I have no idea how to Disable HiDPI resolution. I went into display settings and don't see anything that allows me to do that.


----------



## Frag Tagger (Jan 12, 2021)

Just got OBS and it was a saviour as it can do something Ecamm can't: rotate the video streams. .... but my 2019 MacBook pro on Big Sur is doing this same thing - crazy fans. Is there no fix to this yet?


----------



## Frag Tagger (Jan 12, 2021)

Just found the problem - all 2019 16 inch MacBook pros have screaming full fans when connected to an external display. Grr. I have implemented all 3 "fixes" here, and it's better.. but not silent. I currently have Brave, OBS, and Mail open and the fans are running at 4100 rpm - would be a lot more if I did not implement these settings.   I'm really disappointed by this 16 inch MacBook pro.

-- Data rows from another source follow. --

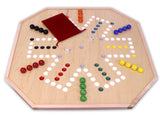 AmishToyBox.com Large Wahoo Marble Game Board Set - 25" Wide - Maple Wood - Double-Sided - with Large 1" Marbles and Dice Included AmishToyBox.com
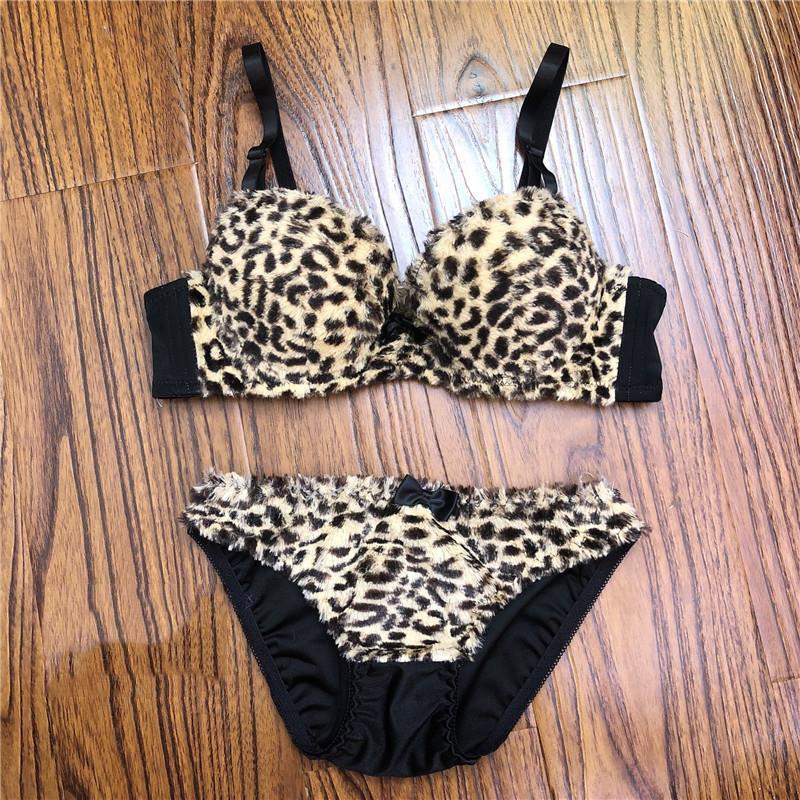 Leopard Print Bra Set Sexy Gathered Thick Underwear Passion Little Wild Cat Bra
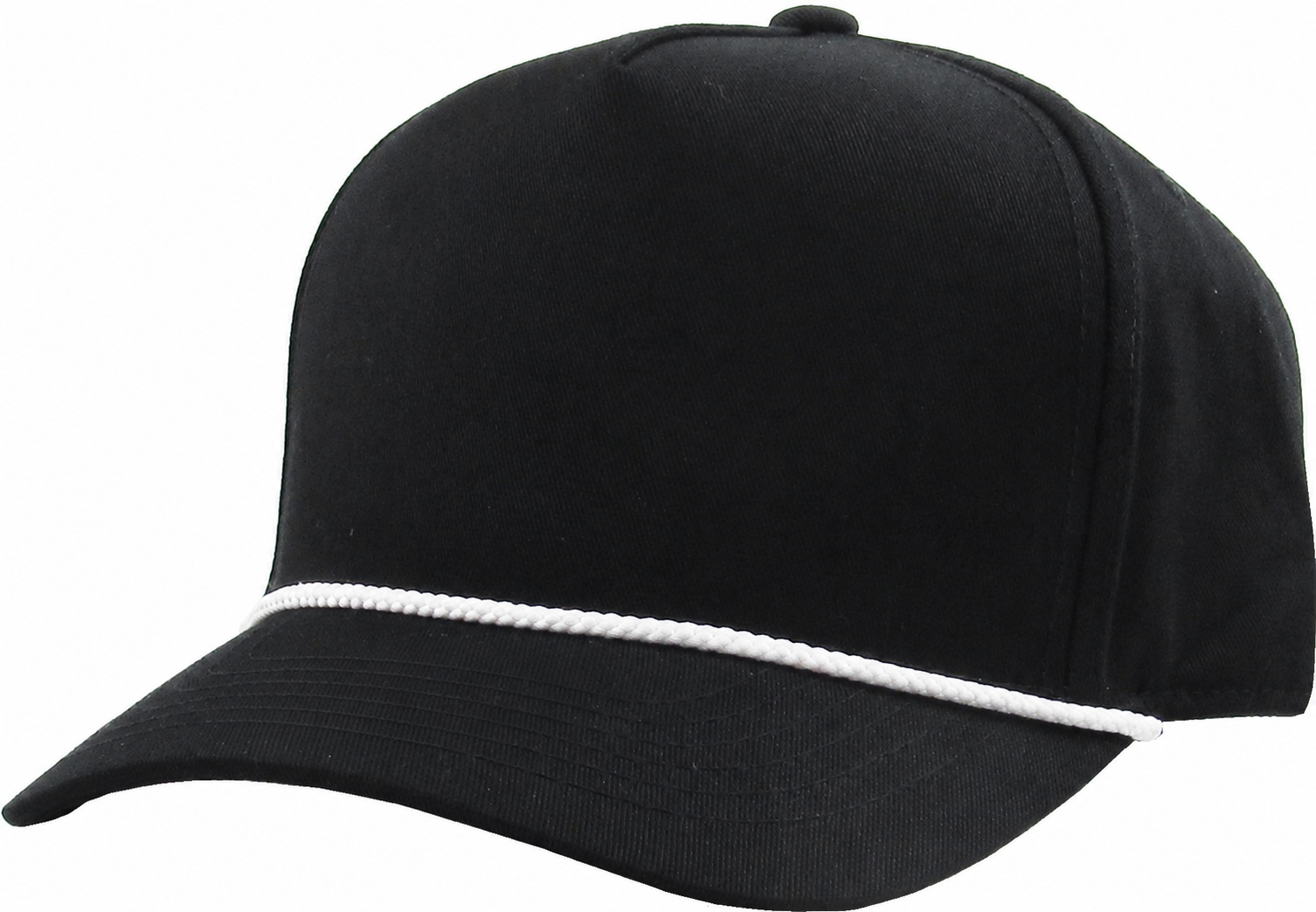 Black / White 5 panel snapback front view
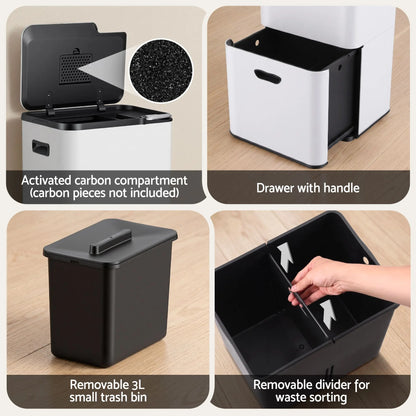 Cefito 63L Rubbish Bin 3 Compartment Carbon Steel Split Door Trash Can White - Image 7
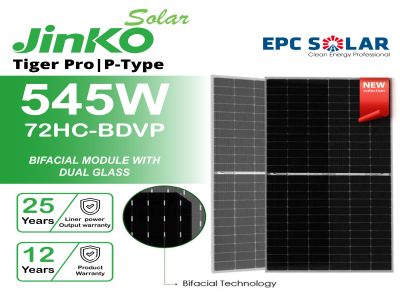 Tấm pin năng lượng mặt trời| 2 mặt kính Bifacial| Jinko Tiger Pro 545W P-type |72HC-BDVP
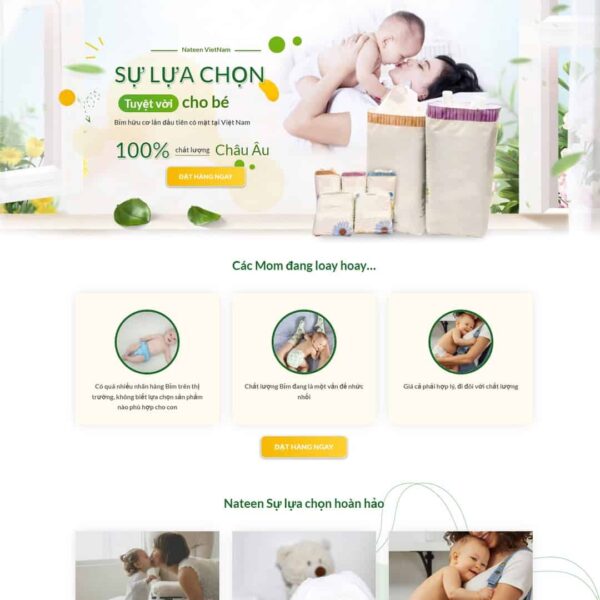 Theme WordPress landing page bỉm cho bé - Chothemewp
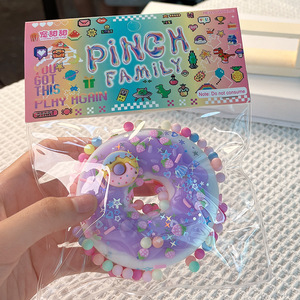 Pastel Squishy Stress Relief Donut Toy With Colorful <b>Beads</b> Cute Sensory Fidget Toy For Kids Teens And Desk Decoration - Product Image 3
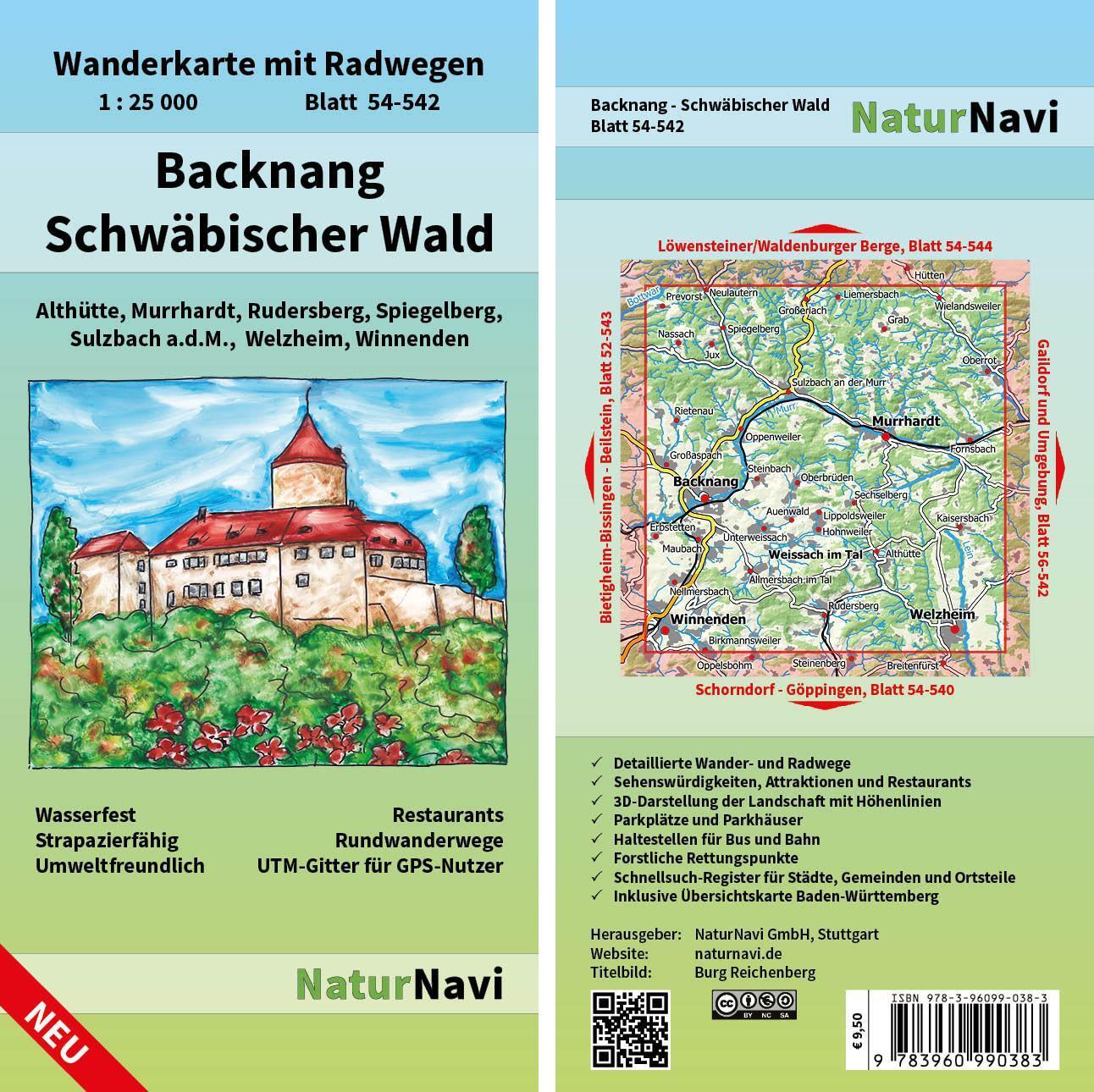 Cover: 9783960990383 | Backnang - Schwäbischer Wald 1 : 25 000, Blatt 54-542 | (Land-)Karte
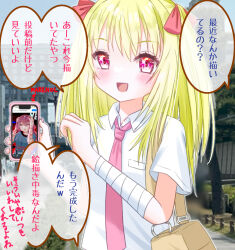Rule 34 | 1girl, arisuuuuu.1436, bag, bandaged arm, bandages, blonde hair, blush, cellphone, collared shirt, ibispaint (medium), long hair, mimi(arisuuuuu1436), necktie, open mouth, original, phone, photo background, pink eyes, pink necktie, pink skirt, shirt, skirt, smartphone, speech bubble, summer, thought bubble, two side up, white shirt
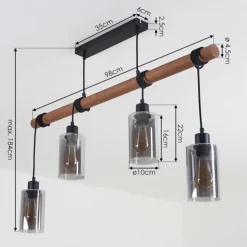 Suspension Hunouri Bois foncé, Noir, 4 lumières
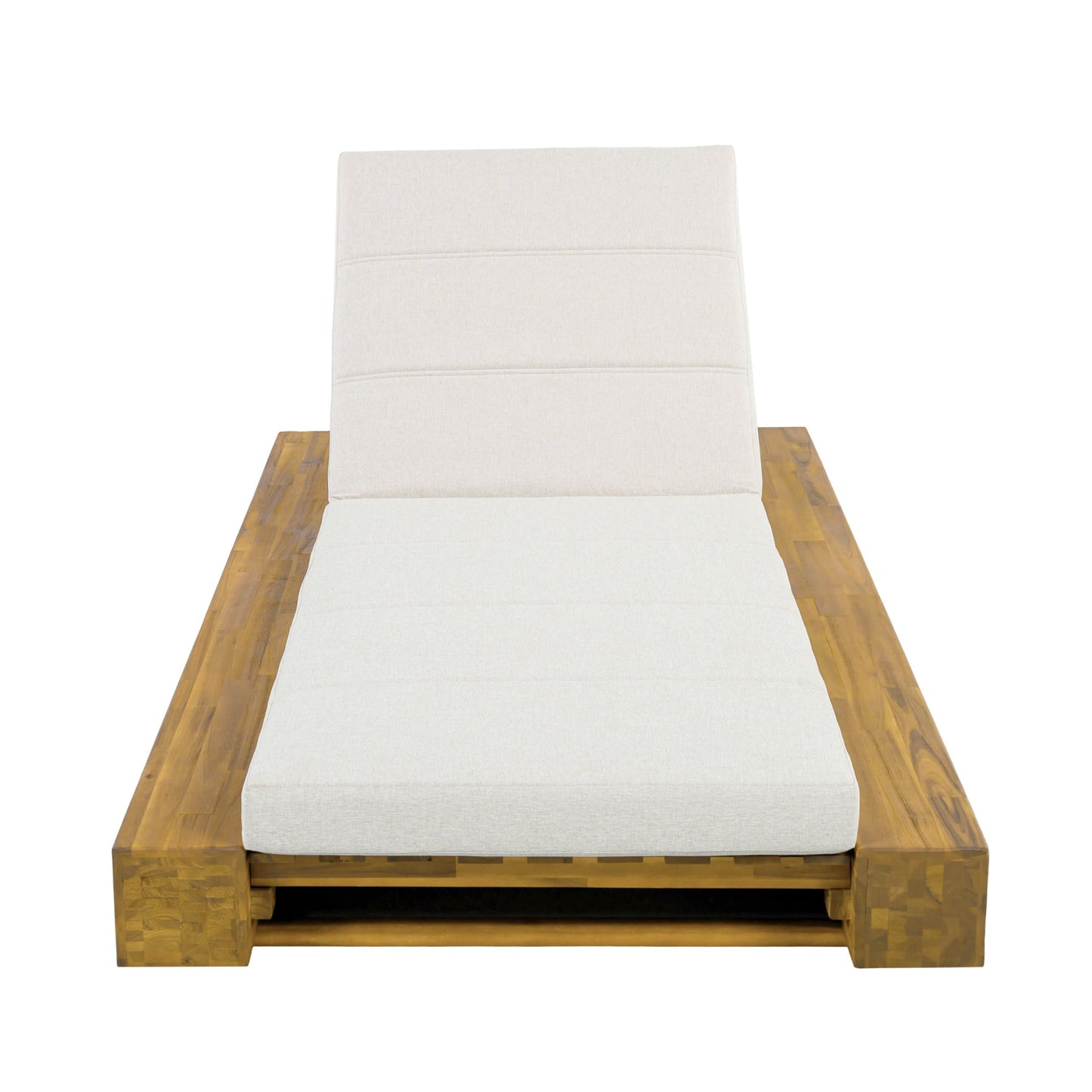 Christopher Knight Home Tory Acacia Wood Chaise Lounge Chair Outdoor, Poolside Sun Lounger Recliner, Patio Outdoor Chaise Lounge with Cushions, Adjustable Backrest Single Lounge Sofa, Beige+Teak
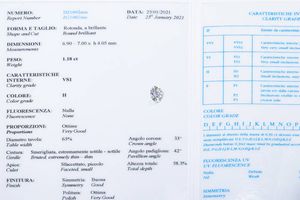 DIAMANTE - di ct 1 18 ca  colore H  purezza VS1. Certificato di analisi RAG  D21002 25/01/2021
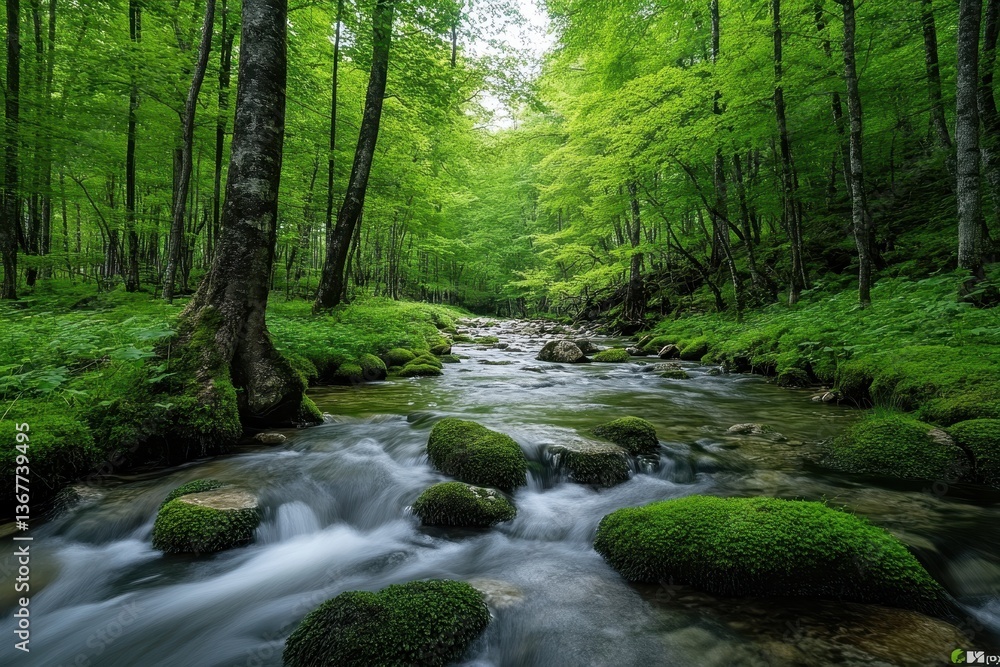 Pristine stream flowing through lush green forest Pristine stream flowing through lush green forest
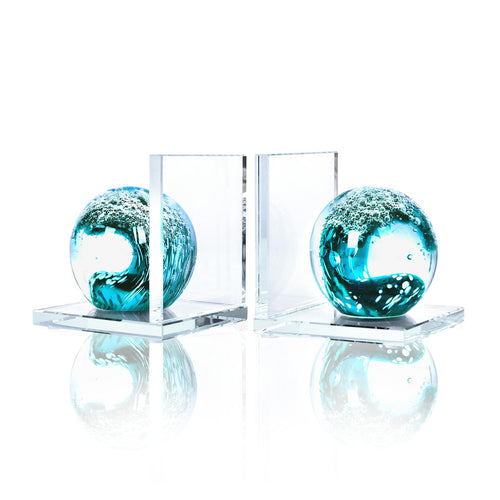 Glass Sea Wave Bookends Set of 2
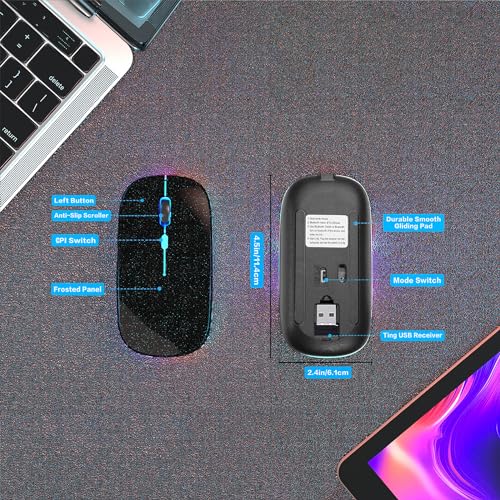 AIKOKOK Wireless Bluetooth Mouse, Rechargeable, Dual Mode Bluetooth 5.2 & 2.4G USB, LED Lights, Slim, Silent, Portable Computer Mouse for Laptop, PC, MacBook, iPad, Tablet (Pearl Black) - color: Pearl Black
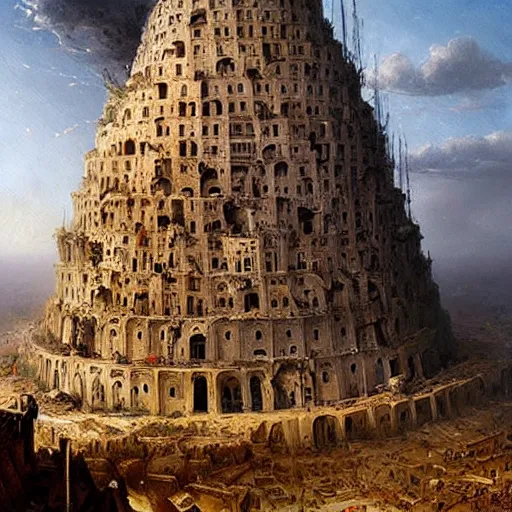 Prompt: Tower of babel, destruction, beautiful, highly-detailed oil painting by Greg Rutkowski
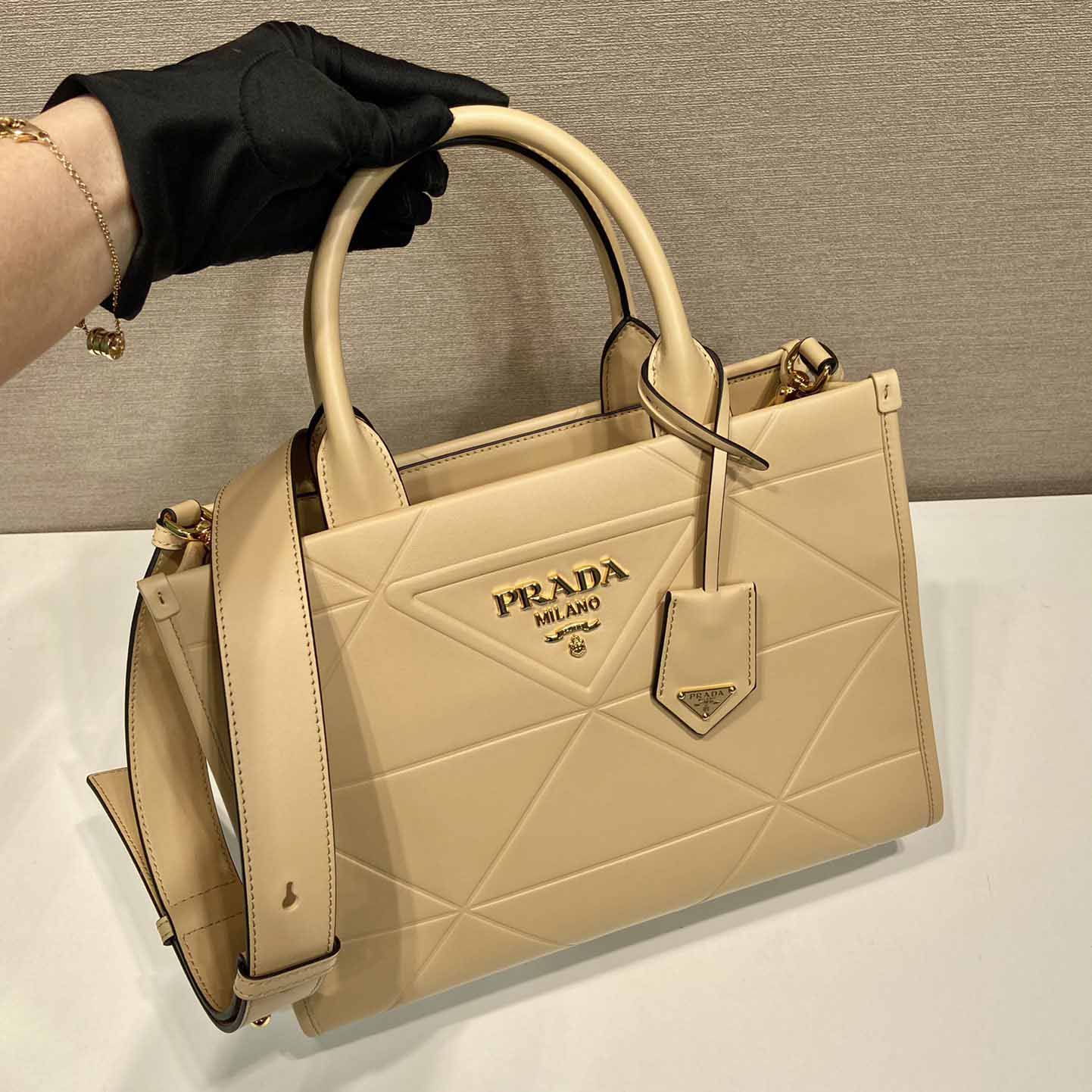 Prada Small Leather Prada Symbole Bag With Topstitching - EUR FASHION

			https://www.youtube.com/watch?v=EkmdHVfk4XE&list=PLCRPsbW_rIwLu6m2TDxVg5255Qdyrb4AT&index=5&t=3s


----------



## ShadowBark (Jan 14, 2021)

I have basically the same machine. I have a MBP 16in 2019, i9-9900, 64GB RAM, and 5600M. I also have it connected to an external display. When running to the display, it does not always blast the fans at full speed (being an audio / voice recorder, I would not be too happy with that). However when using OBS Studio, it does ramp up the fans. The only fix I could think of was getting a custom fan controller for Mac. I use it to lower the fans just while I do my audio recordings. However with that being said, I don't recommend this for long term. With how nice your machine is, I would hate for it to burn out quickly due to overheating. Monitor your temps, and adjust fans accordingly. The i9 runs pretty hot, so it's hard finding a sweet spot. Getting a temperature monitor as well as a fan controller would be your best bet for short term recordings. For long term streams and recordings, I'm not sure how to help.


----------



## huedoku (Mar 4, 2021)

Frag Tagger said:


> Just found the problem - all 2019 16 inch MacBook pros have screaming full fans when connected to an external display. Grr. I have implemented all 3 "fixes" here, and it's better.. but not silent. I currently have Brave, OBS, and Mail open and the fans are running at 4100 rpm - would be a lot more if I did not implement these settings.   I'm really disappointed by this 16 inch MacBook pro.
> 
> 
> https://www.youtube.com/watch?v=EkmdHVfk4XE&list=PLCRPsbW_rIwLu6m2TDxVg5255Qdyrb4AT&index=5&t=3s


 
I am disappointed as well. I feel like I spent $3000 and my old air ran faster. BTW, sorry if this is a repeat comment but use the right side USB C port for power. (It doesn't solve the external monitor problem but it does help generally overheat less) - I finally disconnected my second monitor and am using an old computer to see my output.. lame


----------



## JohnBBeta (Mar 5, 2021)

same here - but it works. june 2020 maxed out 13" MBP. fans on full the whole time I'm streaming. no external displays connected - but a lot of stuff going on on my OBS set up. these MBPS just seem to run really hot - i remember linus tech tips flagging it on launch - not a lot we can do IMHO - apart from wait for proper M1 support...


----------